======== EXTRACTED DATA

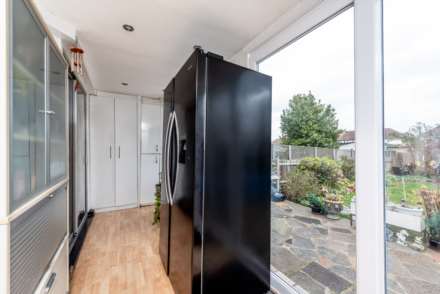 Tudor Drive, Morden, Image 10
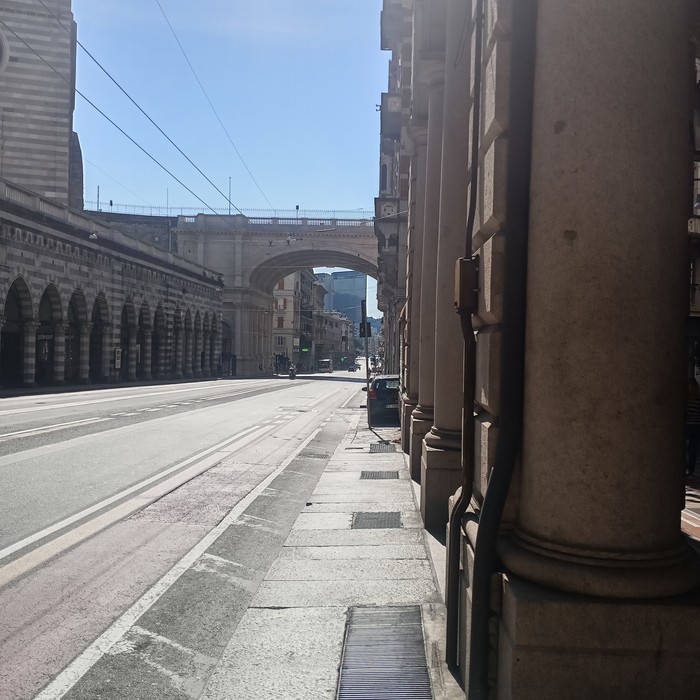 Vista del Sacrario del Ponte Monumentale, con architettura imponente in un contesto urbano.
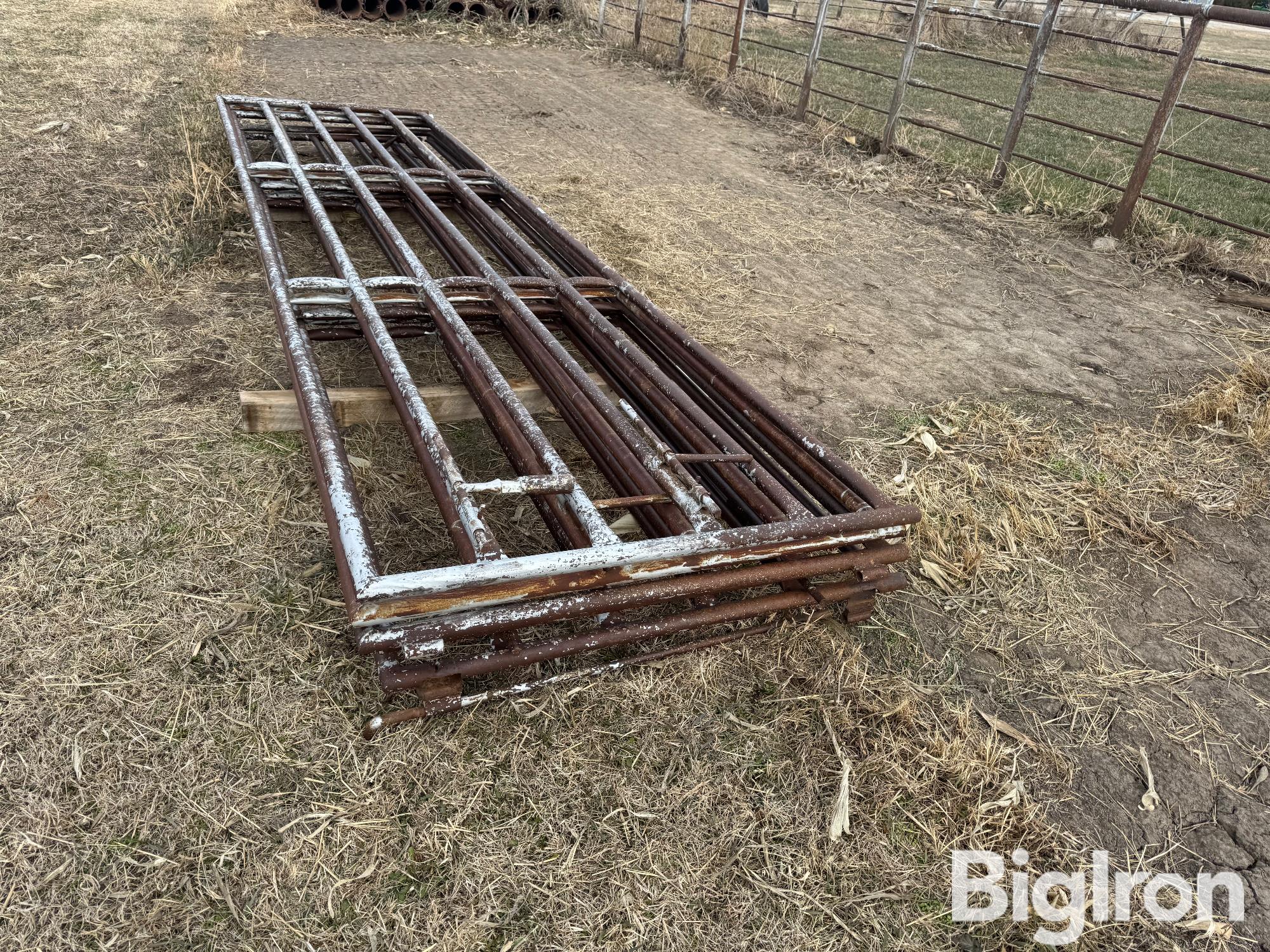 16 X 4 Gates BigIron Auctions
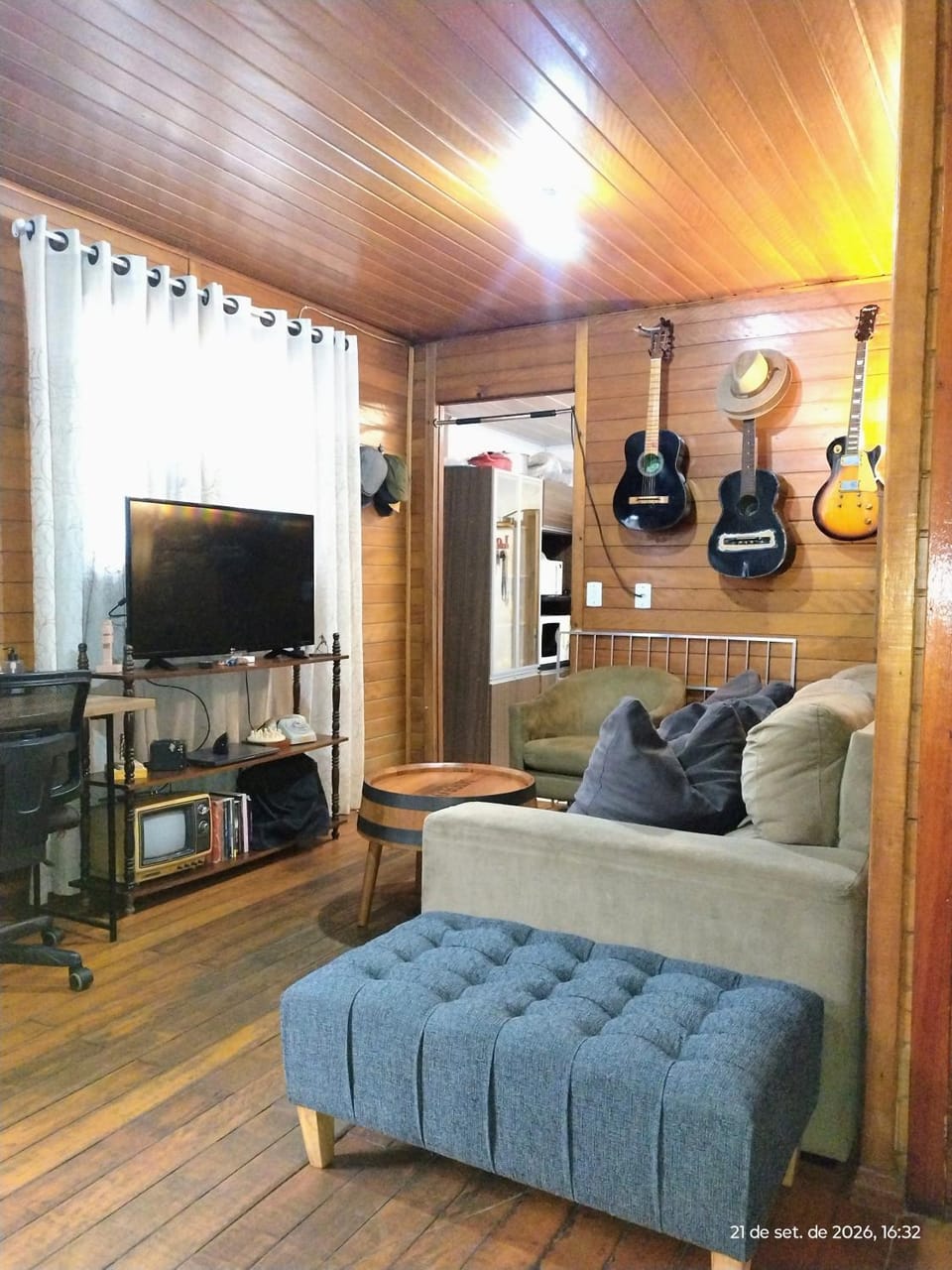 Communal lounge/ TV room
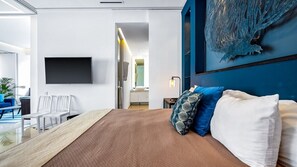 Appartement, 1 kingsize bed met slaapbank, balkon, uitzicht op zee (Pier 57 201) | 1 slaapkamer, individueel gedecoreerd, individueel gemeubileerd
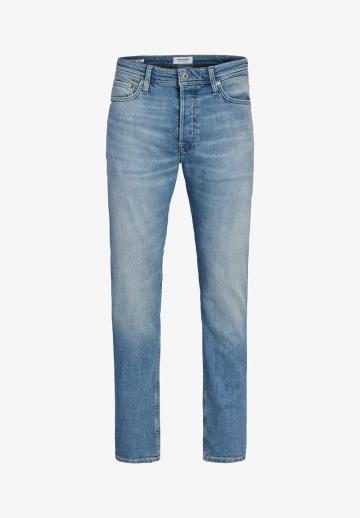 Узкие джинсы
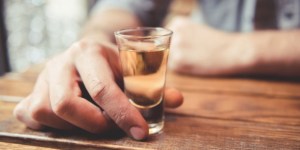 Imenovati pomeni obvladati. Tudi pri alkoholu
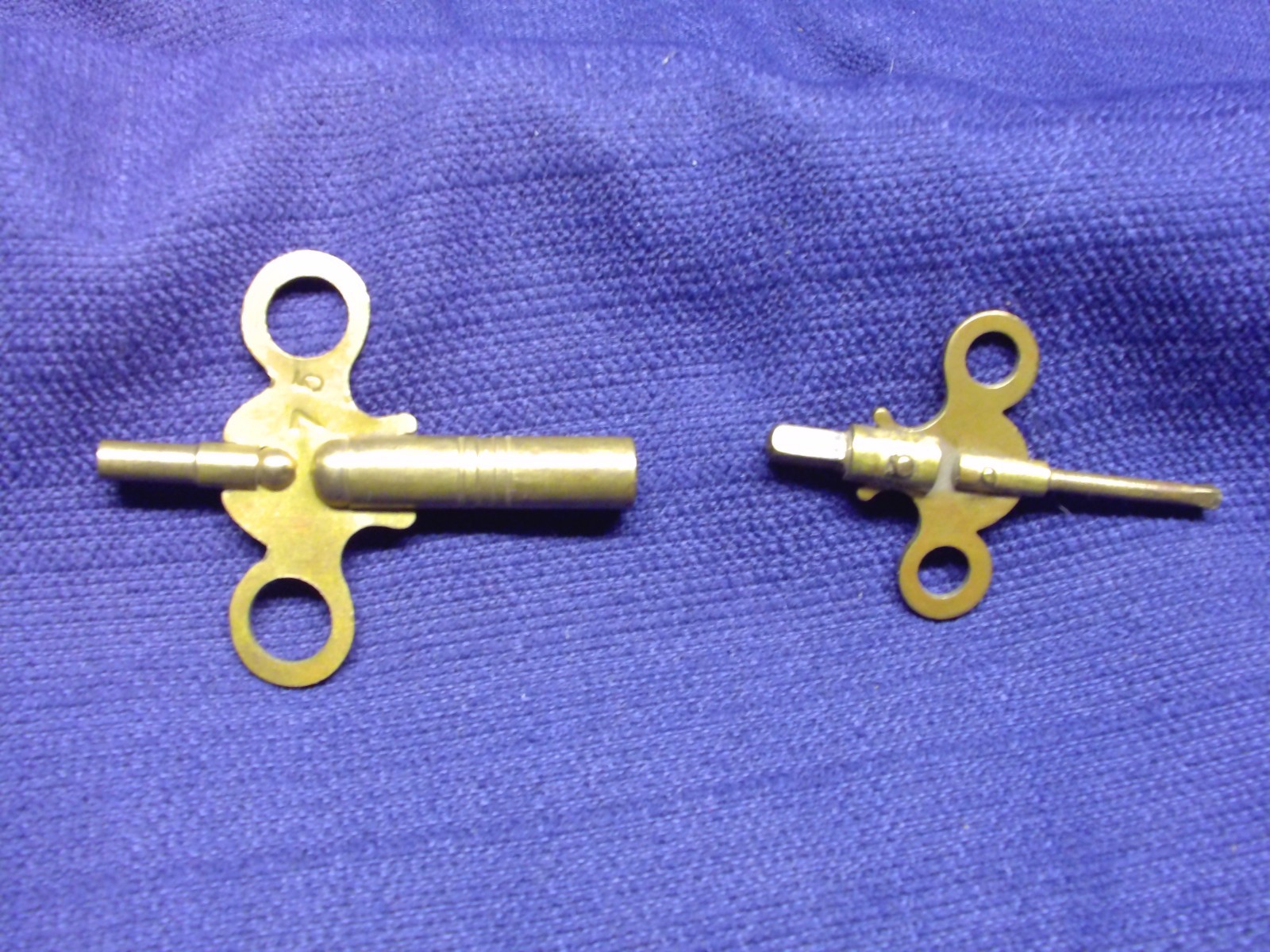 Lot of 2 Antique/Vintage All Brass Clock Winding Keys Lot of 2 Antique/Vintage All Brass Clock Winding Keys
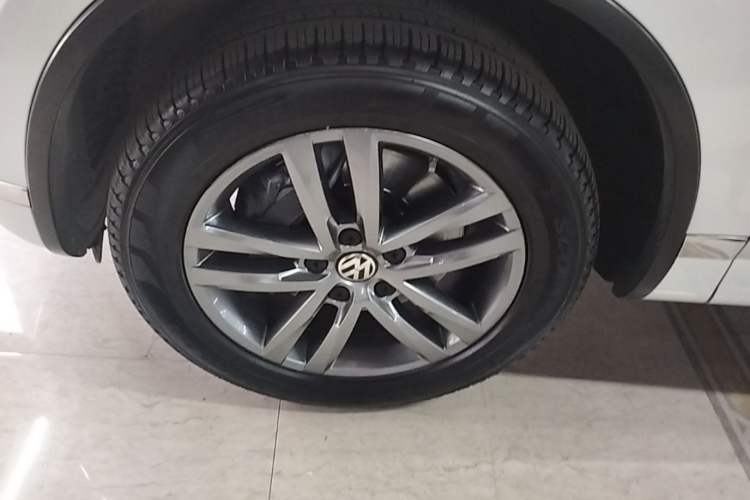 Used Volkswagen Touareg 2017 3.0 TSI Touareg Edition Left Front Wheel Hub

================

- _TASK_
Reproduce the records, all of them, word for word; omit the pictures.

- _OUTPUT_
 Tudor Drive, Morden, Image 10
 Vista del Sacrario del Ponte Monumentale, con architettura imponente in un contesto urbano.
 16 X 4 Gates BigIron Auctions
 Communal lounge/ TV room
 Appartement, 1 kingsize bed met slaapbank, balkon, uitzicht op zee (Pier 57 201) | 1 slaapkamer, individueel gedecoreerd, individueel gemeubileerd
 Узкие джинсы
 Imenovati pomeni obvladati. Tudi pri alkoholu
 Lot of 2 Antique/Vintage All Brass Clock Winding Keys Lot of 2 Antique/Vintage All Brass Clock Winding Keys
 Used Volkswagen Touareg 2017 3.0 TSI Touareg Edition Left Front Wheel Hub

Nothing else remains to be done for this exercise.